Solaris 10 - Cluster Problem

Hi,

I am trying to install Solaris cluster with Solaris10 and Cluster suite 3.2 2/08. After going through customer configuration in "scinstall" utility, I am facing a problem.

At the time of selecting 2nd node's file system type, I am giving input as /globaldevices which is very much part of my 2nd node's partitions, I am getting error as,

What is the name of the file system? /globaldevices

Testing for "/globaldevices" on "solariscluster1" ... failed

scrcmd: RPC: Program not registered
Unable to check "/globaldevices" on "solariscluster1" due to failed remote command.

Please if anybody knows, let me know how to go ahead from here onwards?

Thanks,
Hitarth

/globaldevices (or the underlying device) has to be cluster unique. So each
cluster node has to use a different meta device.
Check that the hostnames are in both the /etc/hosts /etc/inet/ipnodes files in both nodes. Be sure you don't have some unprintable character in vfstab .
Try to get the install log from the system and post its messages

Hi,

Sorry for replying late as I was out of station for some days. Anyways, I am back and tried again with all suggestions but still I am facing problems. Let me tell you how I tried step by step.
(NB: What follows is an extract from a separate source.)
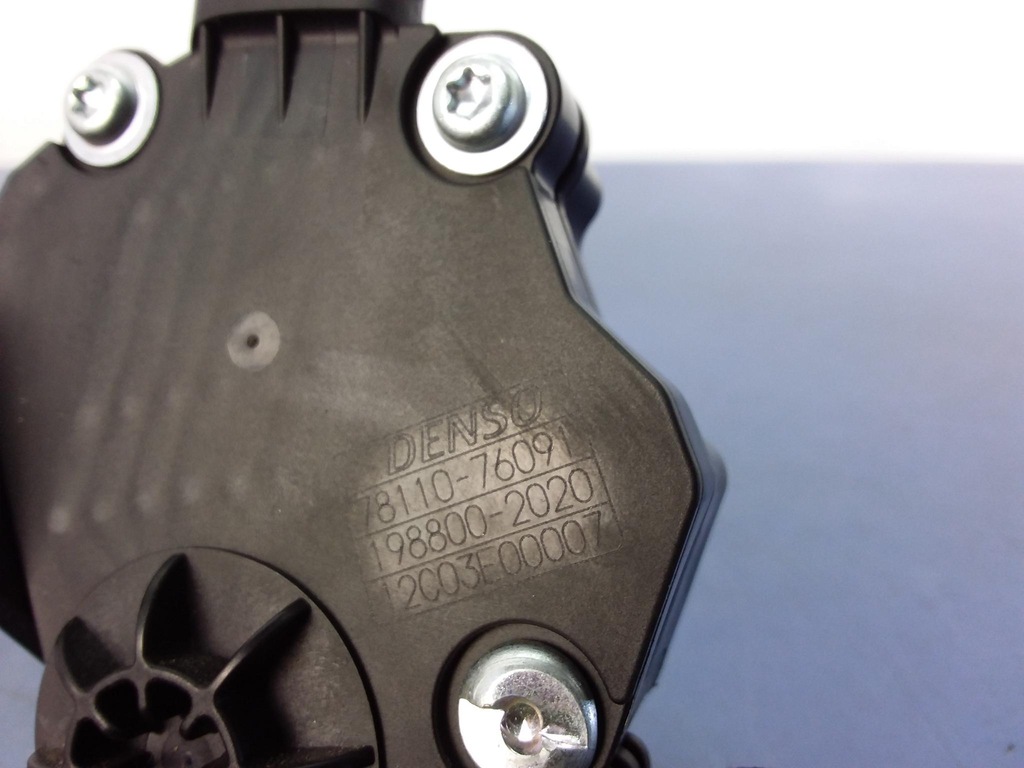 фото №4, Lexus ct200h педаль потенциометр газа 78110-76091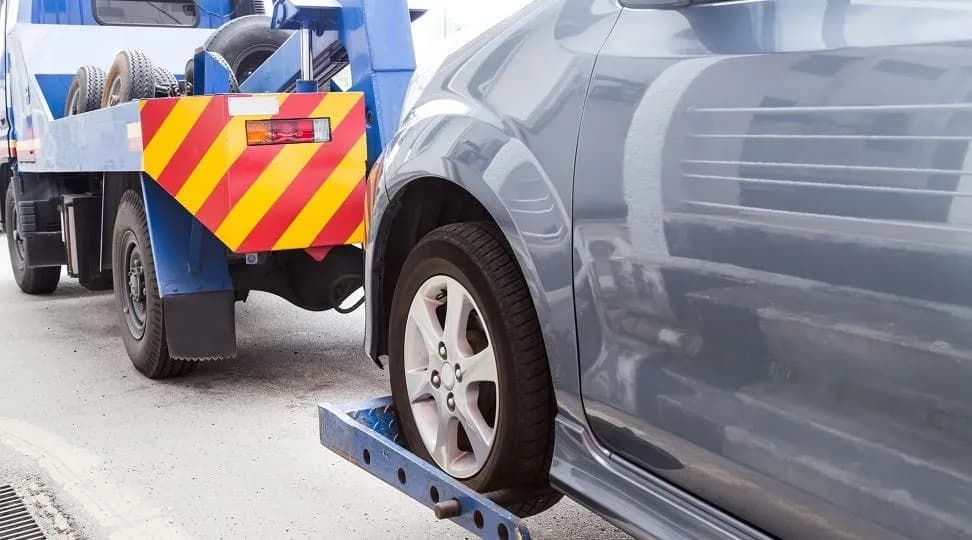 Czy można holować na autostradzie? Kluczowe przepisy i zasady bezpieczeństwa Czy można holować na autostradzie? Kluczowe przepisy i zasady bezpieczeństwa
(1) Installed Solaris10 on both node having "/globaldevices" as separate partition. (I haven't registered OS to SUN for some reason).
(2) Installed Solaris Cluster Suite 3.2 2/08 on both nodes.
(3) Make entries of both node in files like /etc/hosts,/etc/inet/ipnodes. (Please see attached file where I have given respective configurations what I did before moving ahead with "scinstall").
(4) ssh is enabled between two nodes and root user login is also available when accessing from root user.
(5) Both nodes have cross-cable connectivity for Private network and that physical ethernet card is not plumbed at startup as well!!!!
(6) After going ahead with "scinstall" custom installation from Node-1, I got stucked and not getting how to move ahead. (Attaching file for scinstall log from Node-1).
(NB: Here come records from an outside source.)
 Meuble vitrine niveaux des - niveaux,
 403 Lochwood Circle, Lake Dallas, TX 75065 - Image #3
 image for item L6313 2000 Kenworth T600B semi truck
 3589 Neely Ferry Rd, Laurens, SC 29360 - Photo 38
I think I had the same problem once setting up a sun cluster, the problem was caused by RPC which rejected connections not from localhost.
First try if you see the requested service from localhost (rpcinfo -p) then try to access the service from other host (seconde cluster node), use the rpcinfo command with options (-p host; -t ) if you can connect from localhost, but can't from remote your're home!

GOT IT Ha Ha:
these services have to be reconfigured to enable rpc queries from hosts other then localhost:

metad
metamedd
metamhd
scadmd
scrcmd
metacld

the command to reconfigure them:
# svccfg -s rpc/bind listprop config/local_only
config/local_only boolean true

# svccfg -s rpc/bind setprop config/local_only=false

# svccfg -s rpc/bind listprop config/local_only
config/local_only boolean false

# svcadm refresh svc:/network/rpc/bind

Try googling for rpc remote/ rpc allow remote/ rpc localhost... you'll find NOTHING.
Knowing right peaple is important these days ....:slight_smile:

It was very nice to refresh cluster experience a bit. Thank you, the pleaseure was all mine:)
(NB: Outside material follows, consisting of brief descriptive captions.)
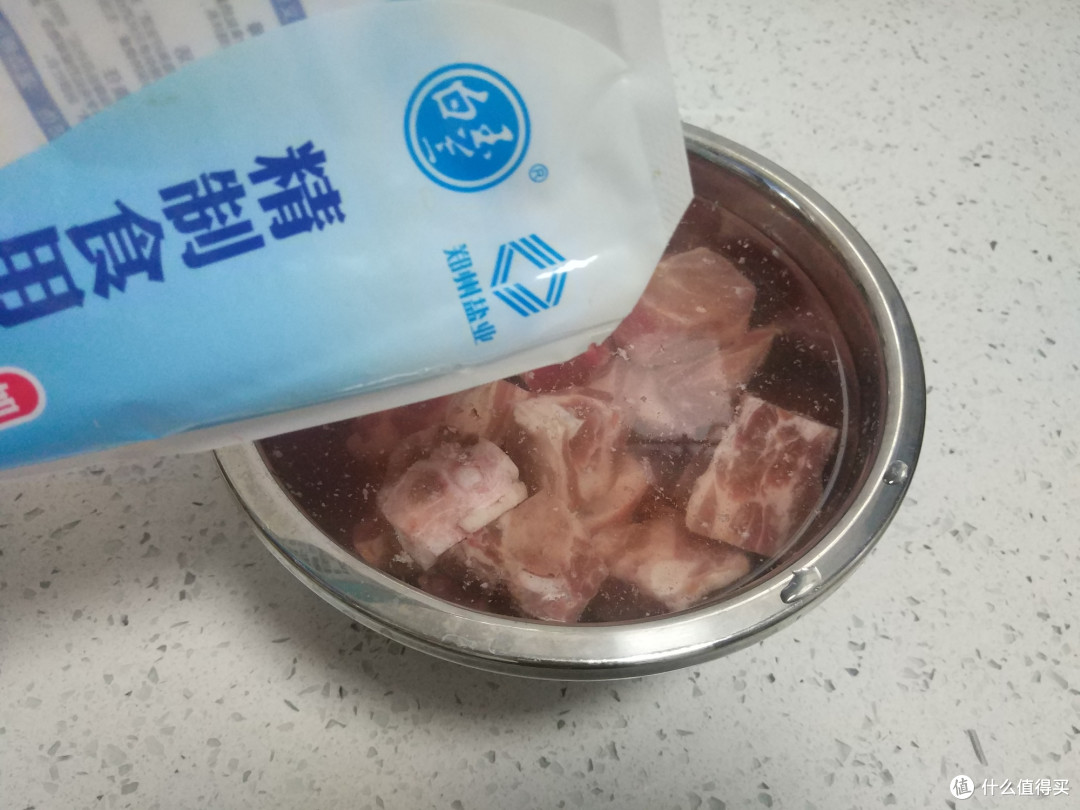 排骨新吃法，不焯水，不炒糖色，加点南乳汁一炖，香味十足特好吃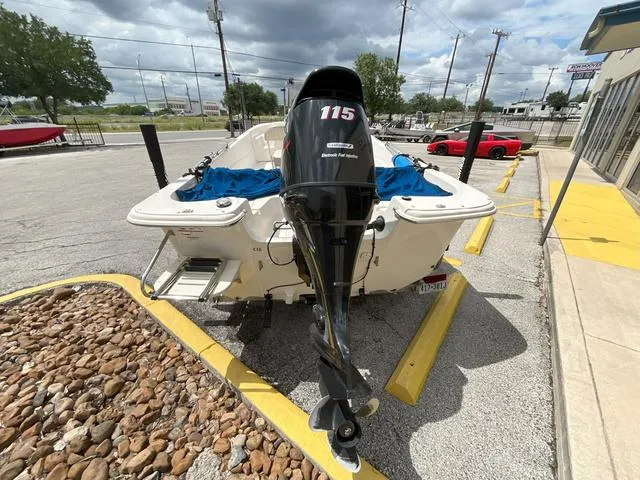 Slide: The Image of Carolina 198 DLV 2016 - 4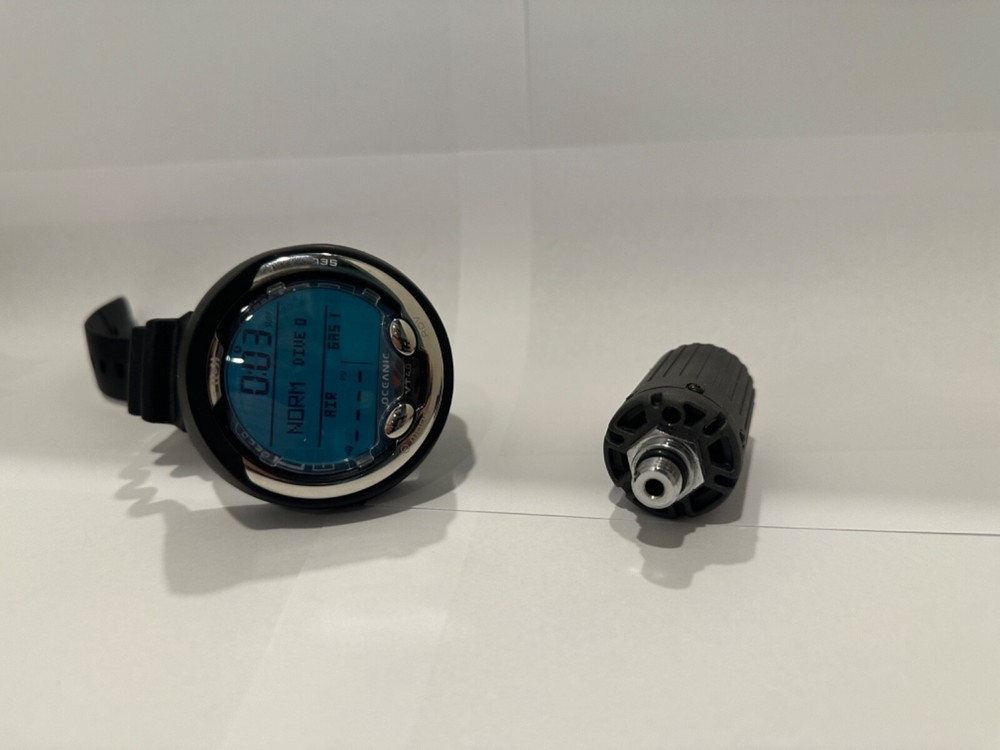 Oceanic VT4 Air Integrated Wrist Style Scuba Dive Computer + Transmitter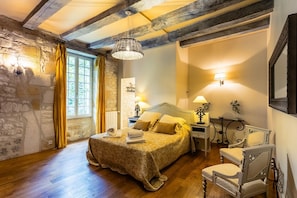6 habitaciones, tabla de planchar con plancha, internet y ropa de cama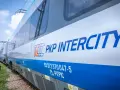 Nowoczesny pociąg PKP Intercity, być może relacji "Hańcza", gotowy do podróży.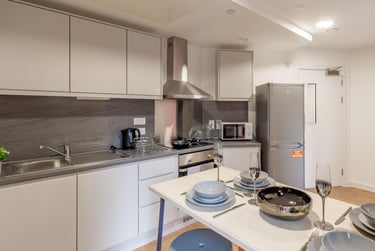 Classic 4 Bed Ensuite (9-10m2) - Image 6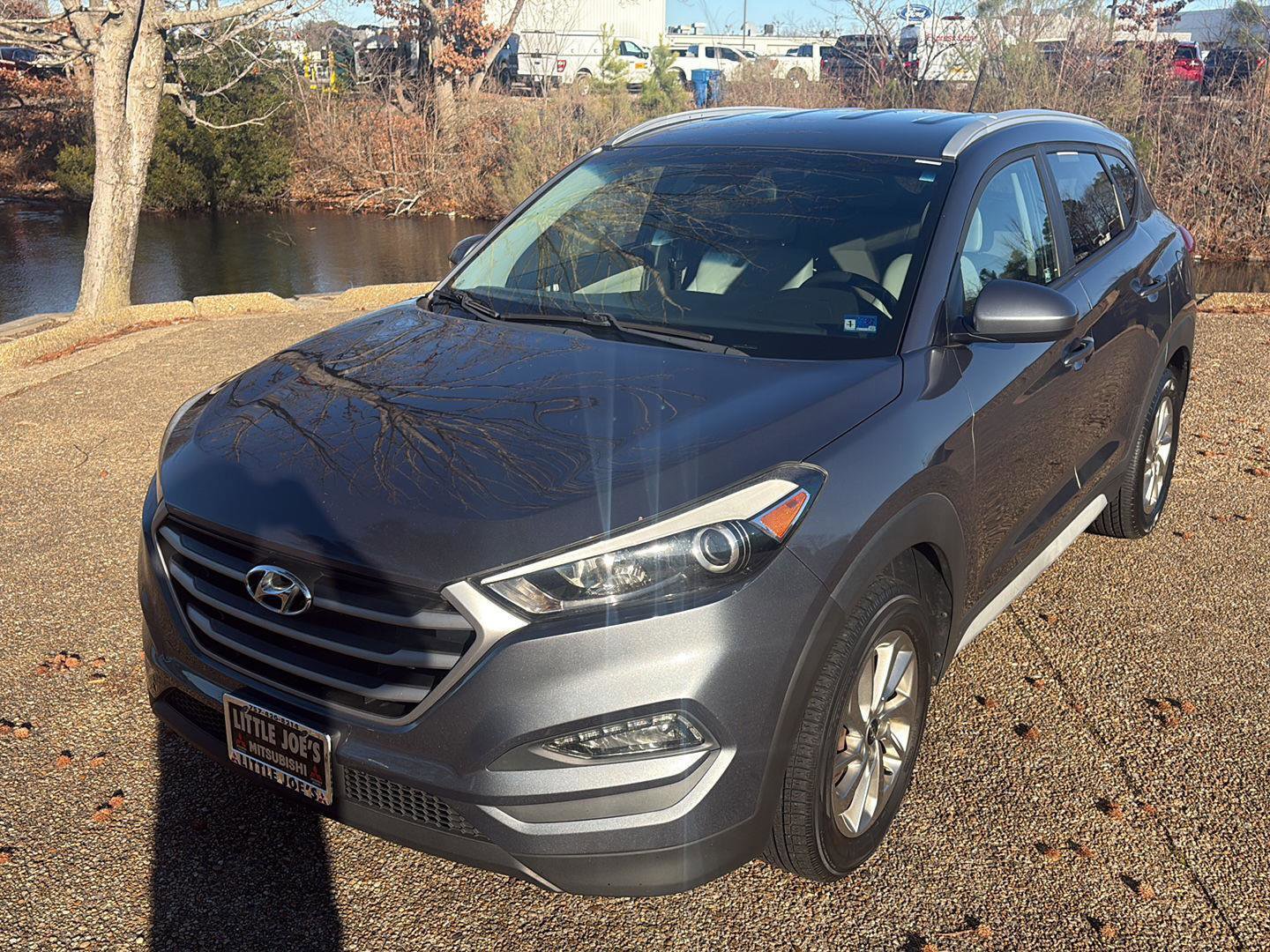 Used 2017 Hyundai Tucson SE AWD/4WD image 12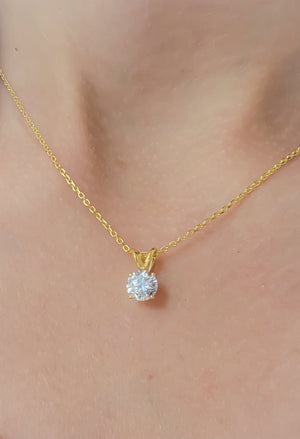 IGI Certified Lab-Grown Diamond Pendant: 14K Gold Basket Setting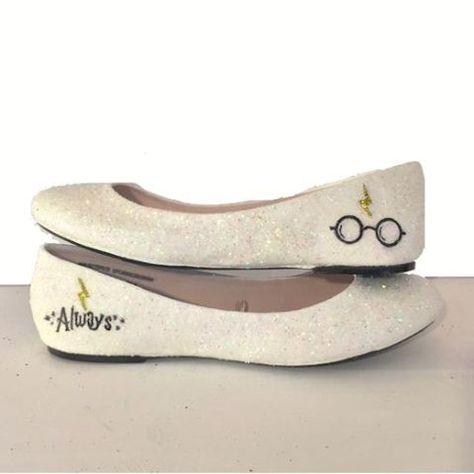 Women's Sparkly Ivory or White Glitter ballet Flats bride wedding shoes Harry Potter Maquillage Harry Potter, Ballet Flats Wedding Shoes, Country Shoes Boots, Bride Wedding Shoes, Bride Flats, Wedding Ballet Flats, Glume Harry Potter, Harry Potter Wedding Theme, Glitter Ballet Flats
AFAIK, sun's docummentation tells nothing about this as well ...

Togr,

First, You are AWSOME and yes we have to catch RIGHT person these days to come out of any task if you are NEWBIE like me. I am catching you now!!!! :smiley:

I have followed your suggested steps and tried again to build a two node cluster but nodes are not coming in cluster mode after rebooting by scinstall.:mad:

########## TWO NODE Cluster attempt ################
bash-3.00# clnode show
clnode: (C152734) This node is not in cluster mode.
#############################################

This messages is coming on both servers. I tried to create SINGLE node cluster on one node as well but after rebooting it, same above mentioned message!!!!:mad:

############## One Node Cluster Log ####################

bash-3.00# cat scinstall.log.5275

*** Establish Just the First Node of a New Cluster ***
Fri Oct 24 16:00:15 IST 2008

scinstall -ik -C hitarth -F -o -P task=quorum,state=INIT

Checking device to use for global devices file system ... done

Initializing cluster name to "hitarth" ... done
Initializing authentication options ... done

Setting the node ID for "solariscluster1" ... done (id=1)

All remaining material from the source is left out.